Cleveland Indians Keeping Door Open To Jason Giambi In Non-Playing Role
The baseball clock may be running out for Jason Giambi, but it doesn’t mean his time with the game is. The Indians have left a standing offer..one he shouldn’t refuse.
The Cleveland Indians might not have a place on the roster for Jason Giambi, but it doesn’t mean there’s no place for him at all. As reported by Jon Heyman of CBS Sports earlier this well, the Indians would be open to Giambi returning to the team in a non-playing role.

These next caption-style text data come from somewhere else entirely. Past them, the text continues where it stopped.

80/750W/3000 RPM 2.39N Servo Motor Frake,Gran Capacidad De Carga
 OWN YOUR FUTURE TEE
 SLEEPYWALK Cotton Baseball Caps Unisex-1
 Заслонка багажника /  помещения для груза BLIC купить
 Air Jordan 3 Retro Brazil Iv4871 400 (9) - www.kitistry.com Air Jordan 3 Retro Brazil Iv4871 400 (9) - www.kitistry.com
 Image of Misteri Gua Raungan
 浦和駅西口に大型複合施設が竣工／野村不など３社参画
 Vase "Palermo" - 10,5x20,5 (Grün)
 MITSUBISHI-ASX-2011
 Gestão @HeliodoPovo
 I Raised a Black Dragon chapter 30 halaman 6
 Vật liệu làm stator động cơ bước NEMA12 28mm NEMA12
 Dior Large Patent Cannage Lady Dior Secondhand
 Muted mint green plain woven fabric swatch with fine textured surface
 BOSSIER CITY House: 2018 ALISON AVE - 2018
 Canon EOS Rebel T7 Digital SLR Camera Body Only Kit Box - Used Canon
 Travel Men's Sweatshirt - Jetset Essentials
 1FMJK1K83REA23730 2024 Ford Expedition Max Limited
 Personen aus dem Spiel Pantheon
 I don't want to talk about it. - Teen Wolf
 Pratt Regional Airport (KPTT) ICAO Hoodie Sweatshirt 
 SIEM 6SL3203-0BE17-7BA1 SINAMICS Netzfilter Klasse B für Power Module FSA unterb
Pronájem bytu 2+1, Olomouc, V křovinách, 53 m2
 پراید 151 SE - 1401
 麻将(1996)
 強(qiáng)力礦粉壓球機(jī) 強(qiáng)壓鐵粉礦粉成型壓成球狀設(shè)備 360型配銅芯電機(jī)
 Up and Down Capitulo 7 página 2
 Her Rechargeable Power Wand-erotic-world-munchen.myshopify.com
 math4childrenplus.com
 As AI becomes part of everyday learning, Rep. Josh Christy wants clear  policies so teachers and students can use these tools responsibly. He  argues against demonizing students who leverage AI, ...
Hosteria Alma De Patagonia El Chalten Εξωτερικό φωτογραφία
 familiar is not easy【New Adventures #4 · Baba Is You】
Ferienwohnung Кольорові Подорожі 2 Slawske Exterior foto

It’s unknown what that role would be, but Giambi was well liked in the clubhouse, and the organization thinks highly of him after his two seasons with the Tribe. Now 44-years-old, he slashed only a .171/.246/.346 line with 11 home runs in 286 plate appearances since being signed prior to the 2013 season.
Technically, he hasn’t made a decision on what he plans to do as far as his playing career. He sits as an aging free agent, but hasn’t filed any retirement paperwork with the league.
But where to put him? Manager Terry Francona has his bench coach in Brad Mills. We’re already set with two hitting coaches in Ty Van Burkleo and his assistant Matt Quatraro. There have been rumors of Sandy Alomar Jr. moving over to the bullpen, but there’s been no wind of that.
Giambi survived the “steroid era” as well as any slugger in the game. He may be one of the few that I actually believe regretted his choices, and did his best to make the most of it – which he indeed did. With his diminished numbers, many point to his “clubhouse presence” as his biggest reason for having employment in the league over the past few seasons.
The players love him, and while he can bring a player/coach leadership bridge, finding a home for him could be the biggest obstacle. There is the option of finding a place for him somewhere in the farm system, but that’s a choice that he will have to make first.
The playing clock is slowly ticking out for the “Giambino”, so in the same way he knew to be remorseful for his PED issues – he needs to do the same in knowing it’s time to bow out gracefully from playing this game and move on to the next phase of his baseball life.